This is carefully nuanced writing. What is not said is as important as what is, and the reader is able to gain a picture of the narrator’s situation without it ever being made explicit. After a few more short stories in which German attitudes to class are lightly mocked, the collection takes a more serious turn. Frau Brechenmacher Attends a Wedding is a chilling portrait of an abusive marriage. Herr Brechenmacher is a bully who orders his wife around. She has five children under the age of nine, but is looking forward to a night off attending a wedding celebration. This is how the author closes the story:

“They walked home in silence. Herr Brechenmacher strode ahead, she stumbled after him. White and forsaken lay the road from the railway station to their house—a cold rush of wind blew her hood from her face, and suddenly she remembered how they had come home together the first night. Now they had five babies and twice as much money; but

“Na, what is it all for?” she muttered, and not until she had reached home, and prepared a little supper of meat and bread for her man did she stop asking herself that silly question.

Herr Brechenmacher broke the bread into his plate, smeared it round with his fork and chewed greedily.

“Good?” she asked, leaning her arms on the table and pillowing her breast against them.

“But fine!”

He took a piece of the crumb, wiped it round his plate edge, and held it up to her mouth. She shook her head.

“Not hungry,” she said.

“But it is one of the best pieces, and full of the fat.”

He cleared the plate; then pulled off his boots and flung them into a corner.

“Not much of a wedding,” he said, stretching out his feet and wriggling his toes in the worsted socks.

“N—no,” she replied, taking up the discarded boots and placing them on the oven to dry.

Herr Brechenmacher yawned and stretched himself, and then looked up at her, grinning.

“Remember the night that we came home?
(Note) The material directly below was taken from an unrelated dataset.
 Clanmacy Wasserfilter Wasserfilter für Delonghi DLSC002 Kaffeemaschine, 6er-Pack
You were an innocent one, you were.”

“Get along! Such a time ago I forget.” Well she remembered.

“Such a clout on the ear as you gave me…. But I soon taught you.”
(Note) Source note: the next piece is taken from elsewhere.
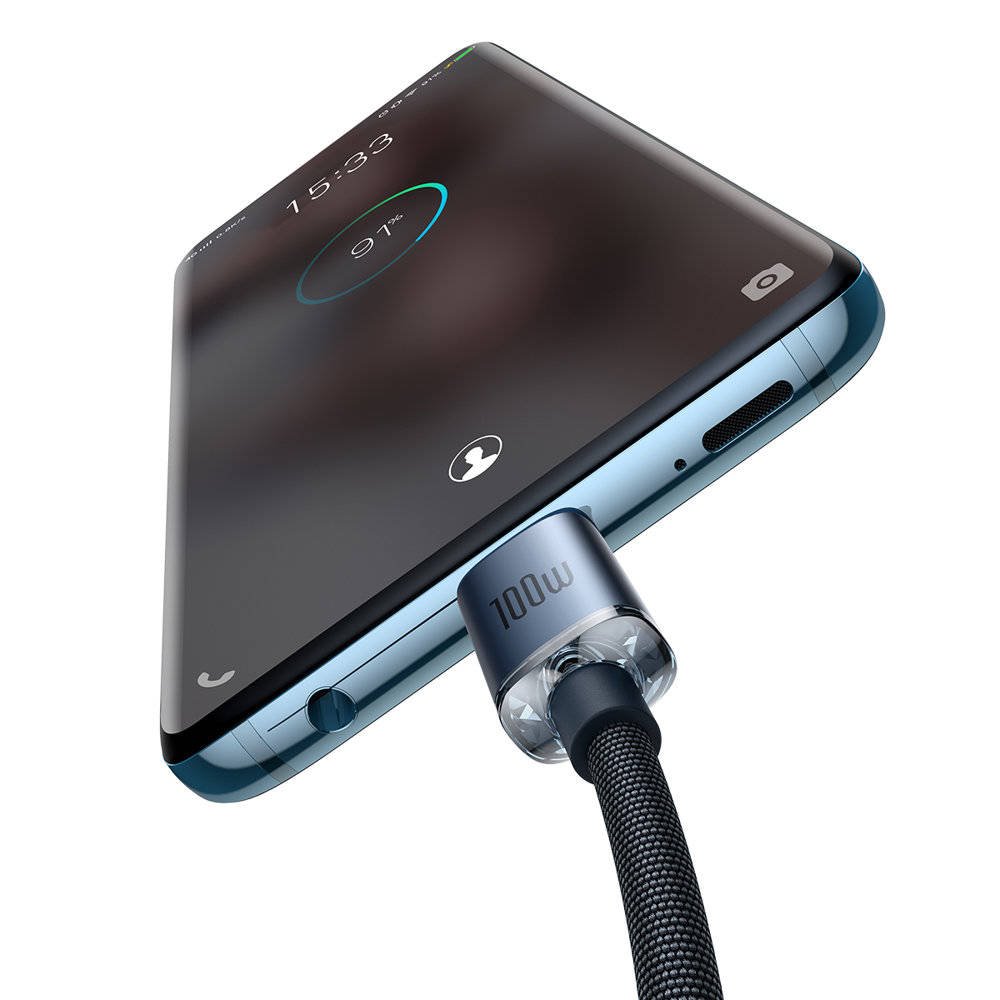 Baseus CAJY000701 Crystal Shine Series Dátový Kábel USB-C - USB-C 100W 2m Black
“Oh, don’t start talking. You’ve too much beer. Come to bed.”

He tilted back in his chair, chuckling with laughter.

“That’s not what you said to me that night. God, the trouble you gave me!”

But the little Frau seized the candle and went into the next room. The children were all soundly sleeping. She stripped the mattress off the baby’s bed to see if he was still dry, then began unfastening her blouse and skirt.

“Always the same,” she said—“all over the world the same; but, God in heaven—but stupid.”

Then even the memory of the wedding faded quite. She lay down on the bed and put her arm across her face like a child who expected to be hurt as Herr Brechenmacher lurched in.”

That last line is like a punch in the face – “She lay down on the bed and put her arm across her face like a child who expected to be hurt”. The narrative is now much darker. Women are cursed with eternal pregnancies which are dangerous and potentially fatal (“my insides are all twisted up with having children too quickly” on character observes) and children are a burden not a joy. The stories are often told from the perspective of servants who are also oppressed, a situation which finds its apotheosis in The Child Who Was Tired, in which an exhausted child is expected to be the principal carer for her younger siblings, and finds the burden too much:

“I don’t believe Holy Mary could keep him quiet,” she murmured. “Did Jesus cry like this when He was little? If I was not so tired perhaps I could do it; but the baby just knows that I want to go to sleep. And there is going to be another one.”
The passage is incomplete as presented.